Exercise brief: The answer must consist solely of the lines from the one containing "Chesty's Desk Mat - S1" to the end of the entries below, repeated exactly.

The data:
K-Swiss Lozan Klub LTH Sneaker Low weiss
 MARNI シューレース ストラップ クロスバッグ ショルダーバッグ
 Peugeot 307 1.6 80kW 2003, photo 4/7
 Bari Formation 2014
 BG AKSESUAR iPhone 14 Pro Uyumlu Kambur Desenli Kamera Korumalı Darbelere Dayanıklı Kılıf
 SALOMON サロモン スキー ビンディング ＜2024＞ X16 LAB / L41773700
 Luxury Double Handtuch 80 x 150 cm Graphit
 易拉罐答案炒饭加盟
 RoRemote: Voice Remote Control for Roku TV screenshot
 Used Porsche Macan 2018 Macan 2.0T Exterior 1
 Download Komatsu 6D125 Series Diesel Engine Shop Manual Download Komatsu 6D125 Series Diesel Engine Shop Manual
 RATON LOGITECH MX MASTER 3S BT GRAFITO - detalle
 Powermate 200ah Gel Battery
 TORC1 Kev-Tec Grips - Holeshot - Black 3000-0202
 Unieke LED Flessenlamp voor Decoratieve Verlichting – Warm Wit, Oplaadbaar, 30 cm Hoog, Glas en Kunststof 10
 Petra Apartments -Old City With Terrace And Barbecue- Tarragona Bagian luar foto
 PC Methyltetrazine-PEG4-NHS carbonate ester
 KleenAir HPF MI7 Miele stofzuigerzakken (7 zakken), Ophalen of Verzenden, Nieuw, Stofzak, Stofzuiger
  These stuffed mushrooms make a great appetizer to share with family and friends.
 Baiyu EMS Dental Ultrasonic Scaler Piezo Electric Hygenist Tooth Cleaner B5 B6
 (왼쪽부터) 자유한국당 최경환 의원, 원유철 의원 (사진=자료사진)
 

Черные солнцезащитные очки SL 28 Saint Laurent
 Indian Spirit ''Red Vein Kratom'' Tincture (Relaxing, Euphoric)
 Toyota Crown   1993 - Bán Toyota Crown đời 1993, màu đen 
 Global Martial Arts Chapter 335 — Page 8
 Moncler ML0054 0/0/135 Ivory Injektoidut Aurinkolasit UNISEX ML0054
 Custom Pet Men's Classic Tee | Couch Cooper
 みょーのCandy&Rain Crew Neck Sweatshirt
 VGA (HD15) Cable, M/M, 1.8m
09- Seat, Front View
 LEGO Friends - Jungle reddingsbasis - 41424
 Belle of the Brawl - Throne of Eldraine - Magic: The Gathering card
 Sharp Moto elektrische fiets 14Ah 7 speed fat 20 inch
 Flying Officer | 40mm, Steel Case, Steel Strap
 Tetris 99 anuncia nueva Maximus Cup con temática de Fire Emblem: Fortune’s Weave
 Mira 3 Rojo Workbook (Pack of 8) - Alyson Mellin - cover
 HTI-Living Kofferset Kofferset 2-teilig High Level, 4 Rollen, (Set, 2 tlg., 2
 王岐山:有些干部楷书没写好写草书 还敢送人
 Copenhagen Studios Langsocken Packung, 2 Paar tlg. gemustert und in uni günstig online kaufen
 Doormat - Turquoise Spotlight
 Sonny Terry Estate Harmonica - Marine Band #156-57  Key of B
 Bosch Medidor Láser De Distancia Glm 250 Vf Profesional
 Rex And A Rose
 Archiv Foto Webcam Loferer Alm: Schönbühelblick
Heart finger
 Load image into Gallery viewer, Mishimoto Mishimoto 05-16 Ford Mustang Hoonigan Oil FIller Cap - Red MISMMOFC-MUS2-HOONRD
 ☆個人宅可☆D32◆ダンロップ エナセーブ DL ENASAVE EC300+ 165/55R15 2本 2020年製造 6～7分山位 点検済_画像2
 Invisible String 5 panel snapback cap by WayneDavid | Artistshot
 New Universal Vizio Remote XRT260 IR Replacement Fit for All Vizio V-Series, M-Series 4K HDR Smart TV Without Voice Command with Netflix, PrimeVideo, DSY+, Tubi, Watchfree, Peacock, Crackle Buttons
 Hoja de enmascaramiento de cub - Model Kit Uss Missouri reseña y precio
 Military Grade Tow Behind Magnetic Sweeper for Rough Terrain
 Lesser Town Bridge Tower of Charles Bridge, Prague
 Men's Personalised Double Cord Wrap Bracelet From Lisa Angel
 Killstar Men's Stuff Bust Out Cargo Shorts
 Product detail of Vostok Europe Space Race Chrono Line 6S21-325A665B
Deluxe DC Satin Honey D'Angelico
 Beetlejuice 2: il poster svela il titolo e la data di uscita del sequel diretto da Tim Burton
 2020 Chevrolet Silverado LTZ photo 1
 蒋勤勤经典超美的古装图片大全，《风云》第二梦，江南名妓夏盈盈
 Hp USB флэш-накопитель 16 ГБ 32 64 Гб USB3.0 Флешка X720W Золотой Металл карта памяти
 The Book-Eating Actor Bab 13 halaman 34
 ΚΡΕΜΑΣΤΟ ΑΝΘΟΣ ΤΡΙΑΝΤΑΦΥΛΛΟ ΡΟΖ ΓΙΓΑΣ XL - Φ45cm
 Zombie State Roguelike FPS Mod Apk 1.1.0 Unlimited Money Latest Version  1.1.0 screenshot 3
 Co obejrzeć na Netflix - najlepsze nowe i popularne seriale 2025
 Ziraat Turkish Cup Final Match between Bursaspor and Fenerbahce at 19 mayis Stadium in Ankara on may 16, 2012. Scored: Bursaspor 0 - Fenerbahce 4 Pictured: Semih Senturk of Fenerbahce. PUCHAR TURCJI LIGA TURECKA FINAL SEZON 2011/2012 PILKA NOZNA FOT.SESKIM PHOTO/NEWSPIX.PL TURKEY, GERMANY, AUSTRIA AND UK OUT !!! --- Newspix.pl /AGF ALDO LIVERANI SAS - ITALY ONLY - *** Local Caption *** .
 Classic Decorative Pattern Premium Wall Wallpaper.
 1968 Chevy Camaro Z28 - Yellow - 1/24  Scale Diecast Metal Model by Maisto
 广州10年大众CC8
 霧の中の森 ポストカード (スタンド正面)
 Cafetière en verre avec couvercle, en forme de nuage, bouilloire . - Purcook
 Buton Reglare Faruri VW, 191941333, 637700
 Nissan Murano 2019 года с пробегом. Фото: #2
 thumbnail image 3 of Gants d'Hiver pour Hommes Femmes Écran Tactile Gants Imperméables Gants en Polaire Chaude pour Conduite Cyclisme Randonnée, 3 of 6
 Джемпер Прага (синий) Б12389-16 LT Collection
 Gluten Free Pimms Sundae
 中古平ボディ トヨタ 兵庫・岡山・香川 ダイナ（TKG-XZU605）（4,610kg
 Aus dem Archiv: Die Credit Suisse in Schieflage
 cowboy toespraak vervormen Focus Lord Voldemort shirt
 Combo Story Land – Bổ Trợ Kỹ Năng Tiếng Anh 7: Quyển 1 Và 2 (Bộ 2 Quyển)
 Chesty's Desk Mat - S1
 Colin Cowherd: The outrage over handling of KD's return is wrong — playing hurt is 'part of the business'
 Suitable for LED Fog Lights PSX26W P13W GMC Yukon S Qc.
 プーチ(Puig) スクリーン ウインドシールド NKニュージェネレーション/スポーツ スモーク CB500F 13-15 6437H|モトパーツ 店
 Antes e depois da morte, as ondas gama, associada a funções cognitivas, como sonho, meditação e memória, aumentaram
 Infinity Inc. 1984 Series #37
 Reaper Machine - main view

Reply:
 Chesty's Desk Mat - S1
 Colin Cowherd: The outrage over handling of KD's return is wrong — playing hurt is 'part of the business'
 Suitable for LED Fog Lights PSX26W P13W GMC Yukon S Qc.
 プーチ(Puig) スクリーン ウインドシールド NKニュージェネレーション/スポーツ スモーク CB500F 13-15 6437H|モトパーツ 店
 Antes e depois da morte, as ondas gama, associada a funções cognitivas, como sonho, meditação e memória, aumentaram
 Infinity Inc. 1984 Series #37
 Reaper Machine - main view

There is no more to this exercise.